▸ **Task instructions**: Return all the entries exactly, keeping pictures out.

(Short descriptive text snippets)
──────

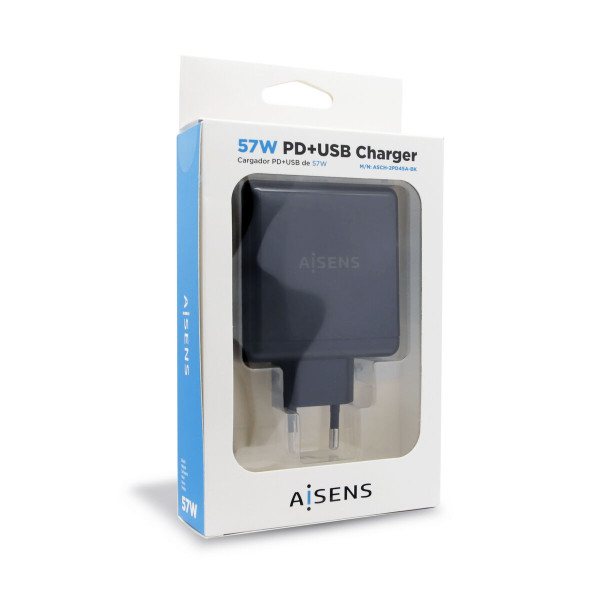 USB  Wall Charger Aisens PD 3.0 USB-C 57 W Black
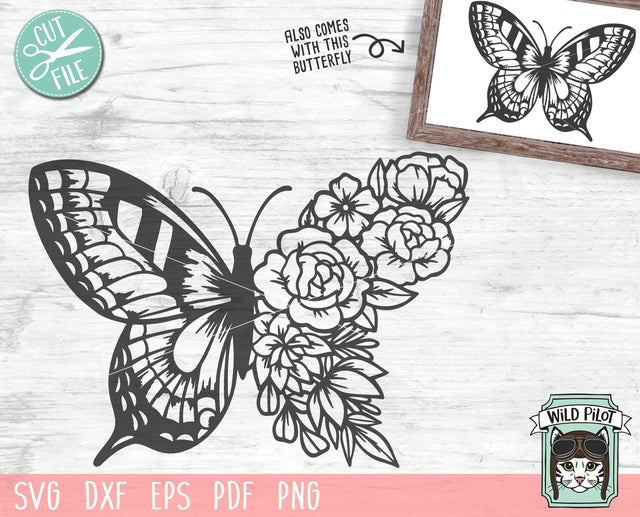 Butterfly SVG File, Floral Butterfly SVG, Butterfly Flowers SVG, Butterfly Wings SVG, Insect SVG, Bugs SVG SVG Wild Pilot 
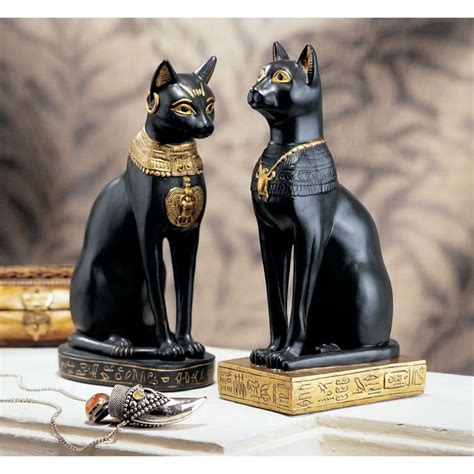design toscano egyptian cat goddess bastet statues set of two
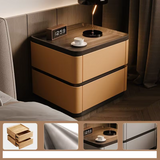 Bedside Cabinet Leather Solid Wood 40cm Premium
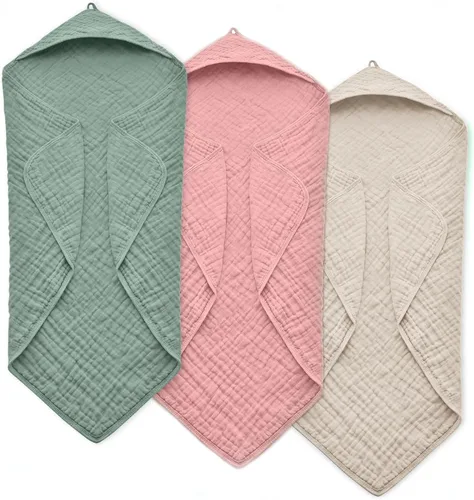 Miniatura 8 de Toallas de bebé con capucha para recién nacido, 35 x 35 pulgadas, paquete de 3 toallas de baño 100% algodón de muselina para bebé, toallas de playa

──────

▸ **Result of this task**:
 USB  Wall Charger Aisens PD 3.0 USB-C 57 W Black
 Butterfly SVG File, Floral Butterfly SVG, Butterfly Flowers SVG, Butterfly Wings SVG, Insect SVG, Bugs SVG SVG Wild Pilot 
design toscano egyptian cat goddess bastet statues set of two
 Bedside Cabinet Leather Solid Wood 40cm Premium
 Miniatura 8 de Toallas de bebé con capucha para recién nacido, 35 x 35 pulgadas, paquete de 3 toallas de baño 100% algodón de muselina para bebé, toallas de playa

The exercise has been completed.